Watts MAX. Music Power 	                    800 Watts    
Watts Nominal Power Handling 	400 Watts
Frequency Response 	                    18Hz ~ 2kHz  
Sensitivity 	                                        89dB
Ohm Rating 	                                        SVC:4, DVC: 2 or 8                
Recommended Enclosure 	                    1.5 Cubic Feet                   
Accessory Grill 	                    UD-G305


----------



## makine (Abr 22, 2006)

A ver, por lo que veo son varios woofers por lo cual la etapa ha de ser de mas de un canal.
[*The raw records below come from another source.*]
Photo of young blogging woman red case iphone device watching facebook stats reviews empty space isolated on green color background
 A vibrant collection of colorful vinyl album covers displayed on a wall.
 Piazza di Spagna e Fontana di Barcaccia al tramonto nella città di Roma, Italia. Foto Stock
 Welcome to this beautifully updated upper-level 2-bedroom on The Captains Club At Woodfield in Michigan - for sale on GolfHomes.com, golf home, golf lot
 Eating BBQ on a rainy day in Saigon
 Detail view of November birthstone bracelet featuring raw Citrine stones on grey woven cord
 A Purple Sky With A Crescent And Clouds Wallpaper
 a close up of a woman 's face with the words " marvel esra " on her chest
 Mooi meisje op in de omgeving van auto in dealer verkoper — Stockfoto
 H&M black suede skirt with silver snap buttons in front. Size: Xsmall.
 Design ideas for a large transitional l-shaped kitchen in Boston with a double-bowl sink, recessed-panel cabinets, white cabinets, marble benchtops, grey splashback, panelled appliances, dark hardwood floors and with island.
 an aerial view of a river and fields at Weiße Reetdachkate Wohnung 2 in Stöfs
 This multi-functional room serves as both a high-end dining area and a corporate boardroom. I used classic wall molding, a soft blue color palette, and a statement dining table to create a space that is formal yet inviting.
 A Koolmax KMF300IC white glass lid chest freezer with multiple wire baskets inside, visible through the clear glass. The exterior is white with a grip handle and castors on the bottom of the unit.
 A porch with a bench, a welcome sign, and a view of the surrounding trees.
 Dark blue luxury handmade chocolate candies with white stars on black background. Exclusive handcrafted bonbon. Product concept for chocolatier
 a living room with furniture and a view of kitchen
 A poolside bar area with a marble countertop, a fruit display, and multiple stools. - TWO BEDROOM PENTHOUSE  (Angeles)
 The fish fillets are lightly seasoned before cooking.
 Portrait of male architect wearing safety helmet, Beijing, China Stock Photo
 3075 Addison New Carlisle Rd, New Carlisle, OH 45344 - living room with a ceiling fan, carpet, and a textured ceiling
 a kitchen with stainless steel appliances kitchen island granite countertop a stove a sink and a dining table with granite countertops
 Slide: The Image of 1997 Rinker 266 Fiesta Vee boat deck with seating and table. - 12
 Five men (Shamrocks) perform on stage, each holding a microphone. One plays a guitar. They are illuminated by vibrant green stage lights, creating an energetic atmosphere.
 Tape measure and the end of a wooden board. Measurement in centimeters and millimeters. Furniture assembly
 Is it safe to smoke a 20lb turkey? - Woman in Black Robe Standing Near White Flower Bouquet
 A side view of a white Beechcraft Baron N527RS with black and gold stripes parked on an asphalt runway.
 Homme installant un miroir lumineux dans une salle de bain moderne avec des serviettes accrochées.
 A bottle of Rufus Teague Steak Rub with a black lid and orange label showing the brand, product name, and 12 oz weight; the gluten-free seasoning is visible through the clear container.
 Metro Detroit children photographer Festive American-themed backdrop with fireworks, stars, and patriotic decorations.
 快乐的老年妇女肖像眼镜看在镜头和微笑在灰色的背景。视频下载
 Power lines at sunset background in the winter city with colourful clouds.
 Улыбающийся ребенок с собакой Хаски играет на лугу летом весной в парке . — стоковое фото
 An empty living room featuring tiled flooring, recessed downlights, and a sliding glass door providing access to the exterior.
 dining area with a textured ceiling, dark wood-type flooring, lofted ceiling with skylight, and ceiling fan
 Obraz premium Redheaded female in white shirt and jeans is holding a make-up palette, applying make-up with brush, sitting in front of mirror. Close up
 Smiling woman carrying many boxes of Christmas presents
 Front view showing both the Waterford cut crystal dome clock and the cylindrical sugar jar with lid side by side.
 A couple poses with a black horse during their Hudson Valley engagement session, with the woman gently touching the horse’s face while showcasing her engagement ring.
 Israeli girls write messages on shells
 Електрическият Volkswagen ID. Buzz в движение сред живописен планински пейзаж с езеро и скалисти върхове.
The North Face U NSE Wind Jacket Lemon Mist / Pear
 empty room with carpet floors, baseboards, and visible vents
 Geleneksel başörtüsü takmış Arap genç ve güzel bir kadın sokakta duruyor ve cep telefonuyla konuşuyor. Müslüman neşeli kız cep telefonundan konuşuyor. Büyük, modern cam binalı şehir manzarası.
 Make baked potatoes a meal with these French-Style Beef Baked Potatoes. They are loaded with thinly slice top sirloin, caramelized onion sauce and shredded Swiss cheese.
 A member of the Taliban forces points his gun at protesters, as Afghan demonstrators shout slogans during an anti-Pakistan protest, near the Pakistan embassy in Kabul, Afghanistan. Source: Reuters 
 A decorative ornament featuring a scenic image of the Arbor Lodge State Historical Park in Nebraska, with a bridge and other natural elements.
Yo llevo un sub de 12 Vieta a 500 w tambien y con una etapa JBL de 500 w 250(wrms) me chuta bastante bien...bastnte optimo.Pero tengo conectado solo el sub a la etapa..hazte una idea.
 Los tuyos son de 400w eficaces cada uno...hazte una idea. Yo le echaría una buena etapa de 1000 watios como mínimo. De esa categoría aun no me he metido a mirar pero te aseguro que todas son buenas.. no tengo preferencias unas dan mas bajo que otras...has de tener el oido muy fino para notarlo si llevas buenos altavoces..

Animo y estruja esos bombos a muete!!! SAludos..


----------